Initially, cloud costs may be low, partly due to some services being free to a certain usage threshold. As reliance on cloud services increases, costs can explode. Price structure complexity and a setup using different services can complicate cost reduction.
Additionally, certain aspects of a cloud setup risk being more expensive than necessary due to limited knowledge of pricing at project start. It would, for example, be easy to reduce data traffic costs by setting up cloud services within the same geographies and virtual networks initially, while changing these later is more involved.

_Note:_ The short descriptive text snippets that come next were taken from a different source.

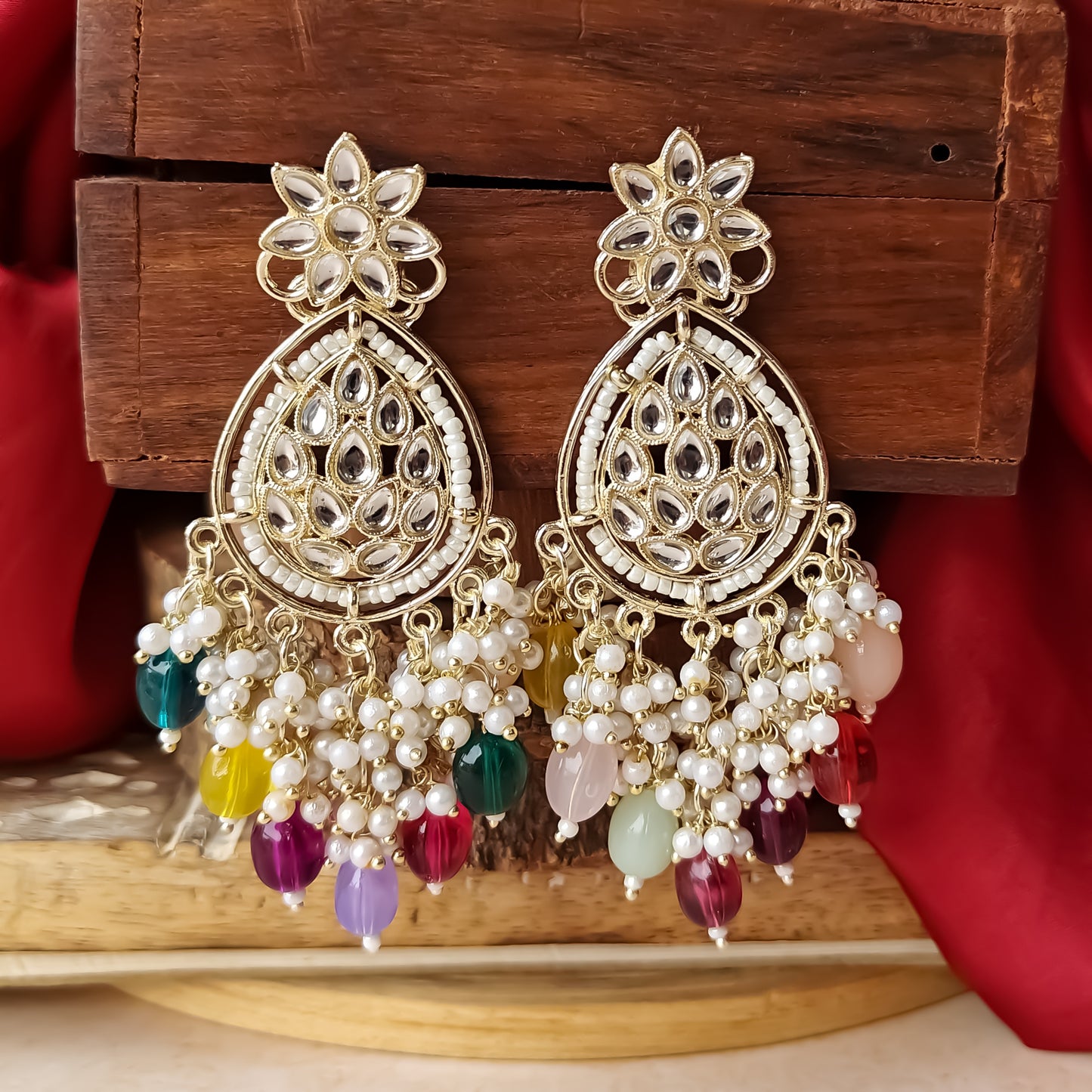 Shreya Multi Chandbali Earrings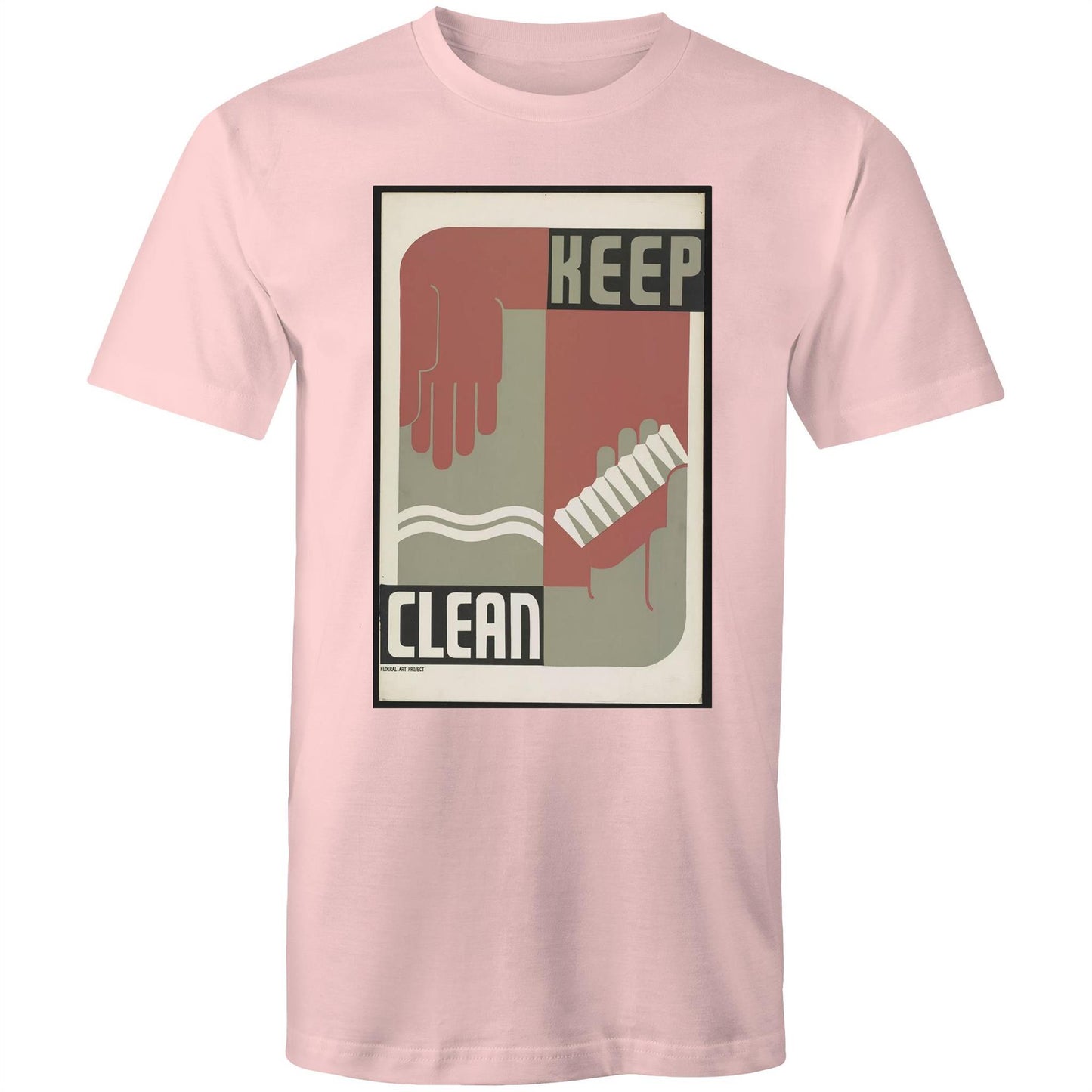 Keep Clean by Erik Hans Krause - Mens T-Shirt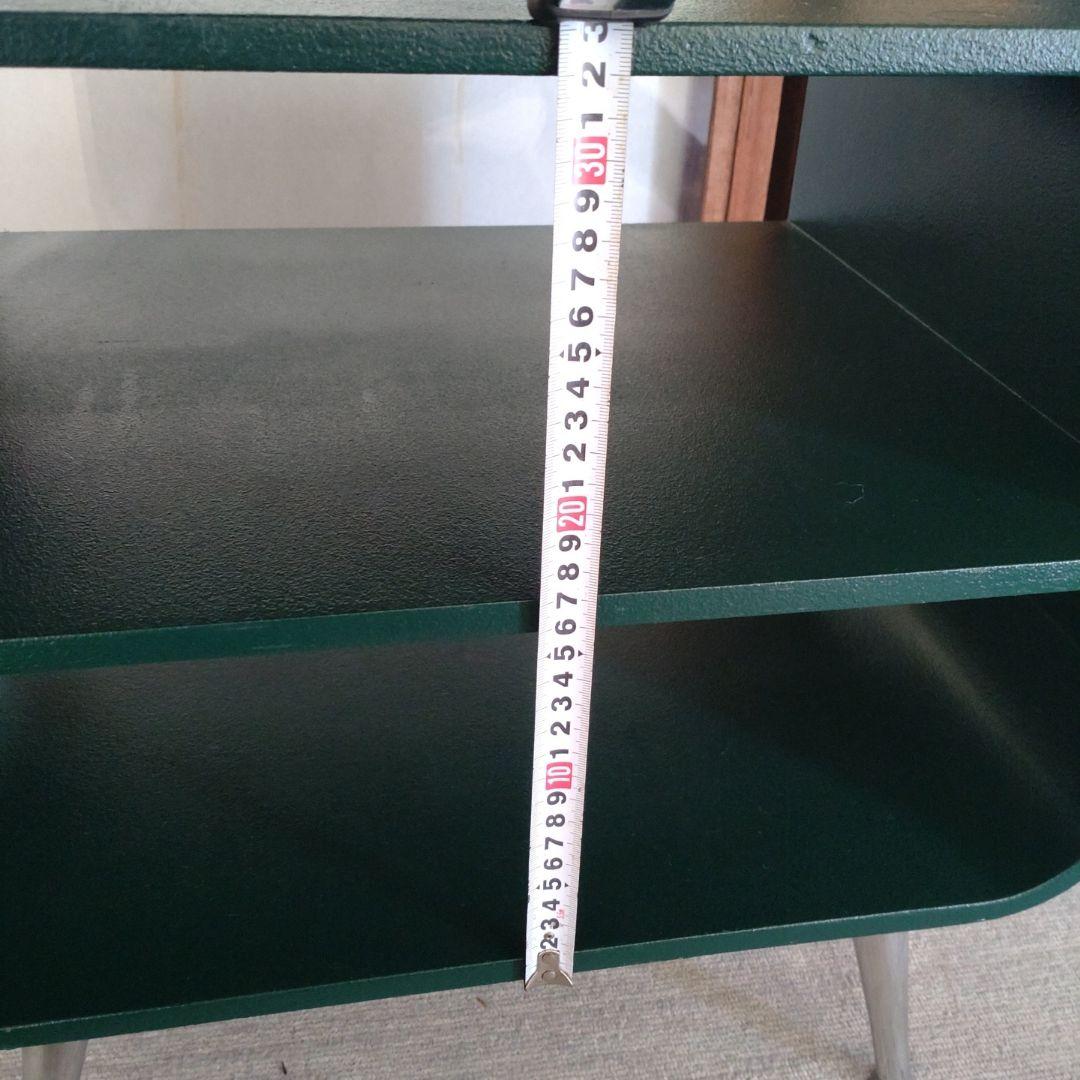 n*a様 【レア品】ダークグリーン サイドテーブル レトロ　昭和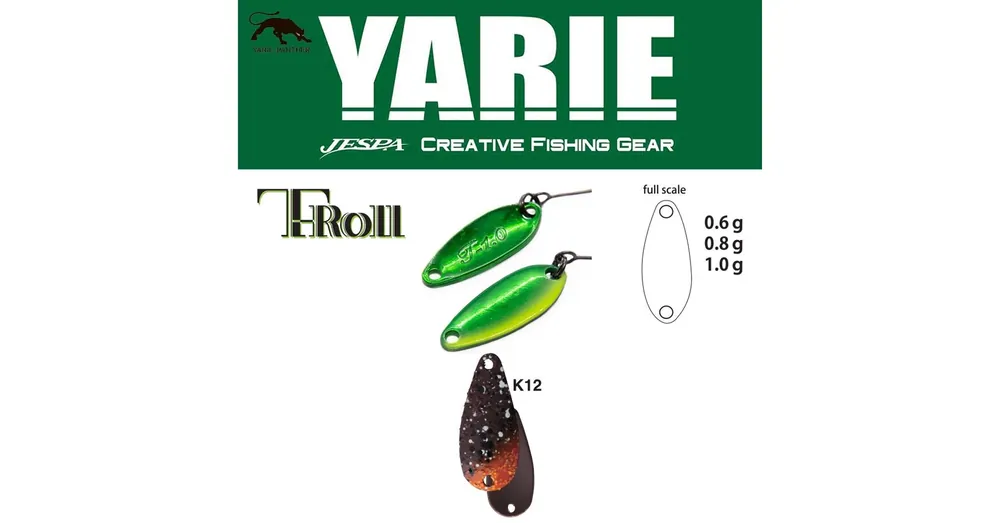Yarie 707T T-Roll 1.0gr K12 Mobility Orange kanál villantó Laatste Versie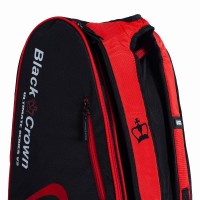 Borsa da padel Black Crown Ultimate Series V2 nera rossa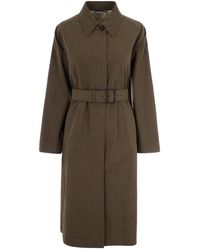 Weekend by Maxmara - Trench Coat Gabardine - Lyst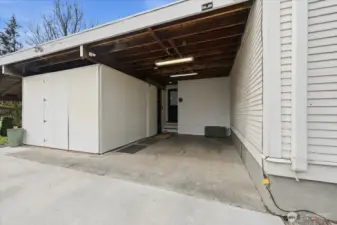 Carport, and storage, back access to the mudroom.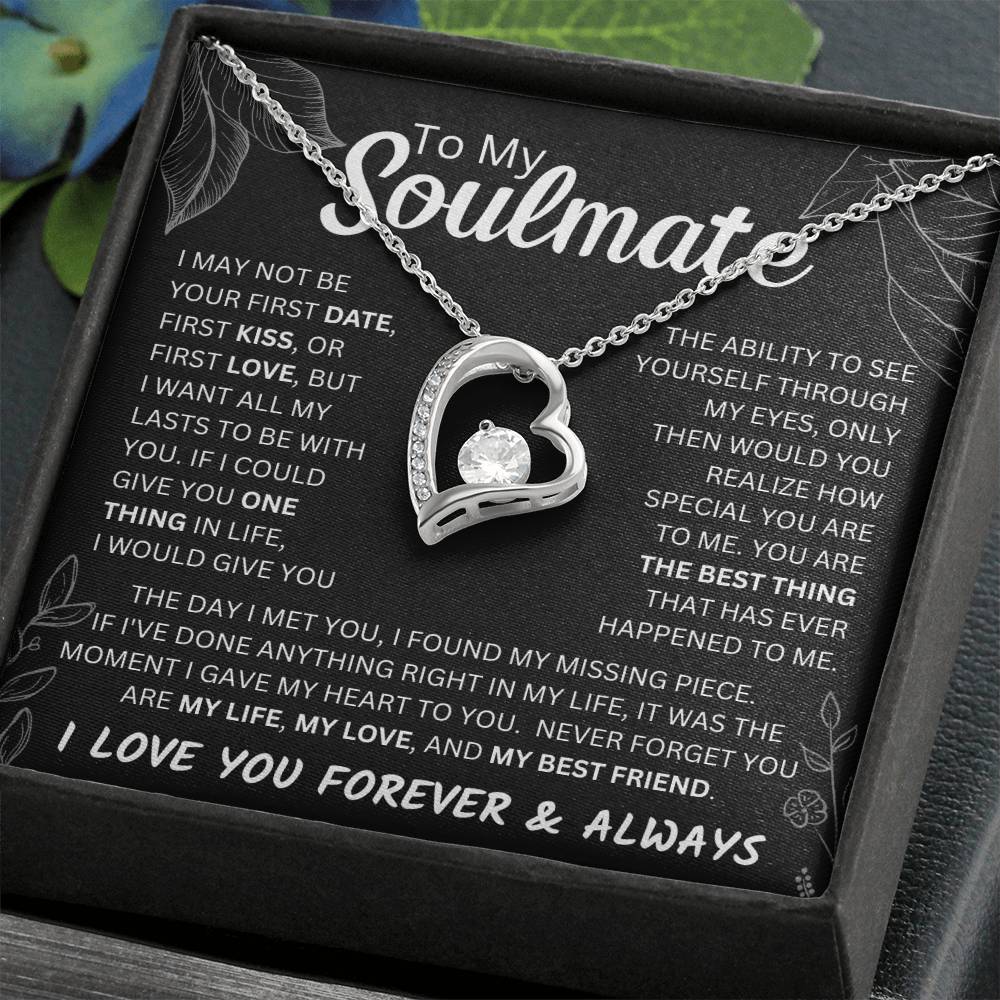 To My Soulmate Forever & Always Forever Love Necklace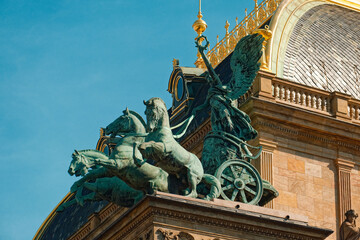 Ancient Sculpture Scene, Vivid Depiction Of Ancient Triumphal Monument With Intricate Craftsmanship © Val MAK
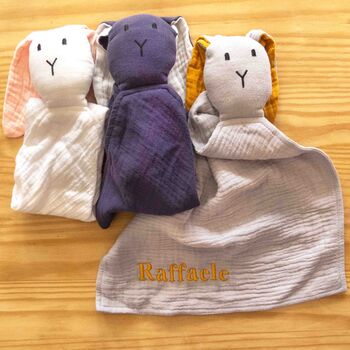New Mum Gift Box Set With Personalised Baby Comforter, 7 of 10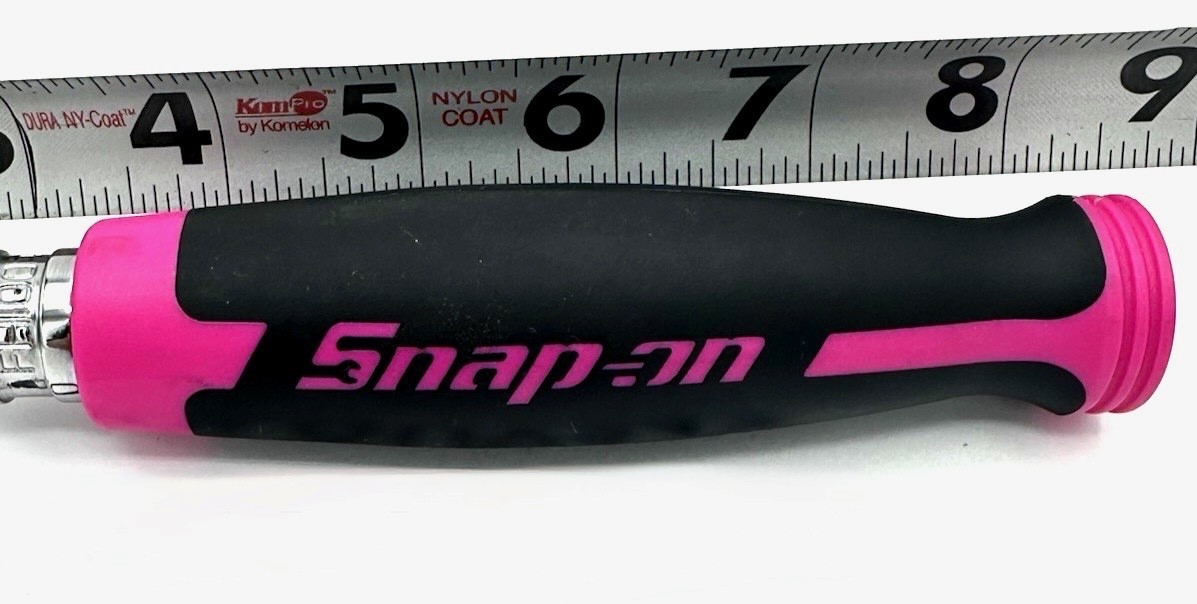 SNAP ON TOOLS USA 3/8″ Dr 100 T ELEC PINK Soft Grip Fixed Head Ratchet FH100 EP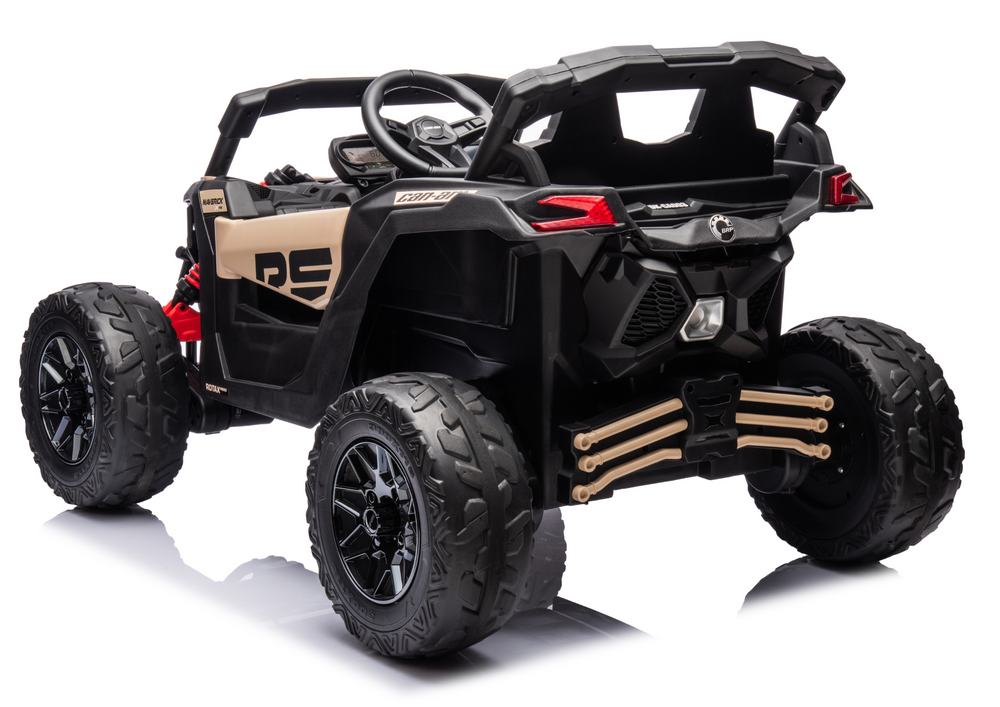 Masinuta electrica pentru copii Can Am  Marverick UTV kaki, 90w, acumulator 12V7Ah, deschidere usi, iluminare led, sistem audio bluetooth, usb, radio fm - 5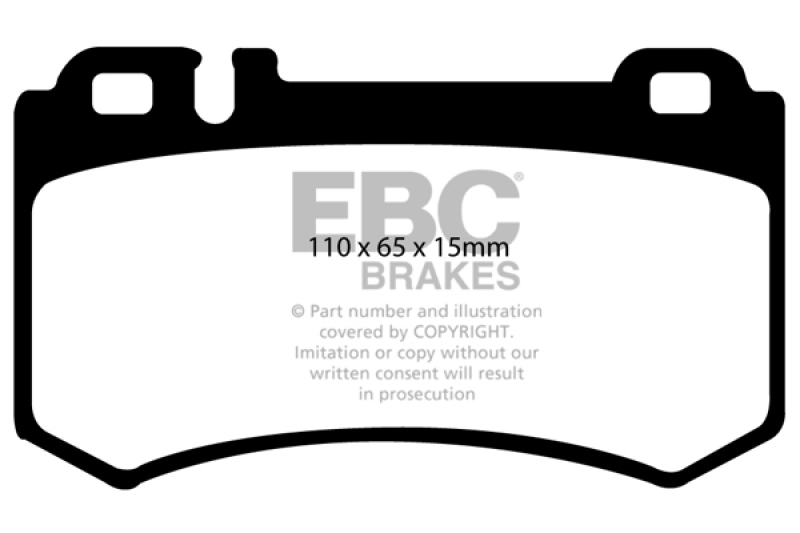 Mercedes-Benz E55 AMG Brake Pads - Rear - EBC - Ultimax2 - 2006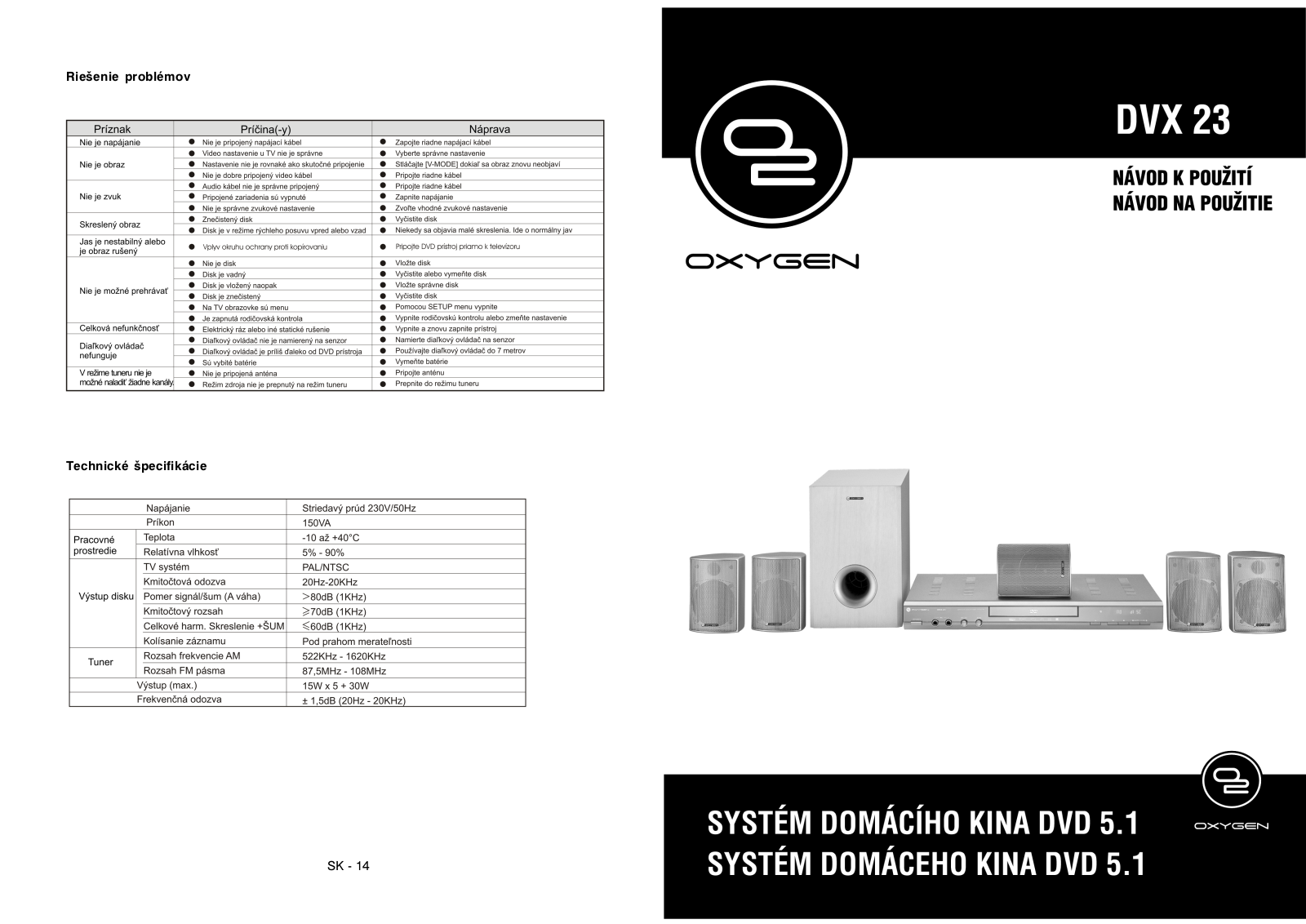 Oxygen DVX 23 User Manual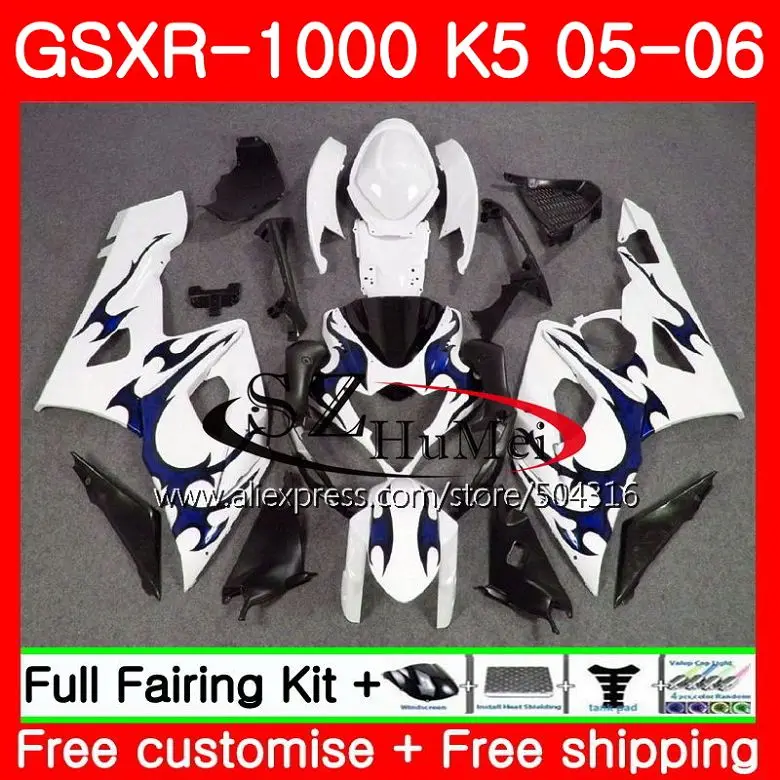 Bodywork For SUZUKI GSX-R1000 K5 blue flames GSXR1000 05 06 Body 37HS21 GSXR-1000 GSXR 1000 05 06 GSX R1000 2005 2006 Fairings 06-gsxr-1000-fairings : image Bodywork For SUZUKI GSX-R1000 K5 blue flames GSXR1000 05 06 Body 37HS21 GSXR-1000 GSXR 1000 05 06 GSX R1000 2005 2006 Fairings 06-gsxr-1000-fairings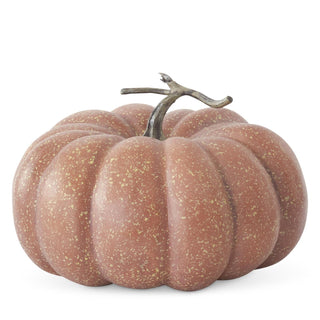 Brown and Yellow Speckled Lifelike Pumpkin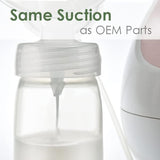 Pump Parts for Spectra - Includes Flange Backflow Protector Tubing Breast Pump Accessories Maymom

To minimize unpleasant cost surprises, a basic understanding of costs should be in place before deciding to use a cloud platform for an operational ML system. Additionally, it is important to set up budgets and/or cost alerts on cloud subscriptions to get notified if costs exceed the expected price.
Numerous cloud services
With each new cloud service in a system, the risk of a service failing will increase. In the example ML system, there might be cloud services for:
- handling ingestion of the sensor data into a database,
- ingesting image data
- preprocessing image data
- copy data from different landing places to a common data storage location
- hosting the deployed ML model.
Since the ML system only works if all services run, each additional service decreases the ML system robustness. For more on this, Microsoft offers an Azure Learning Path in which this is covered at Design your application to meet your SLA - Learn | Microsoft Docs.
To avoid such issues, ask someone with experience in cloud services for advice.
The underlying cause of the above issues is the failure to think in terms of operational constraints from the outset. While there are solutions for the concrete problems, it would be better to avoid such issues entirely. A general barrier against operational issues is to plan with deployment in mind from the beginning and deploy as soon as possible.
Many operational issues arise from implicit assumptions made in the research phase, which were never tested in the operational setting. Such issues could be avoided by starting the project in the operational setting, deploying a simple operational data flow and prediction model as a first step.
This approach unearths issues one at a time, giving room to solve system failures in a structured way and take data issues into account during ML/AI model development. Sometimes it is not possible to start development in the operational setting and the second-best strategy is to keep an operational mindset, always thinking about implicit assumptions and consequences of operational constraints on modelling options.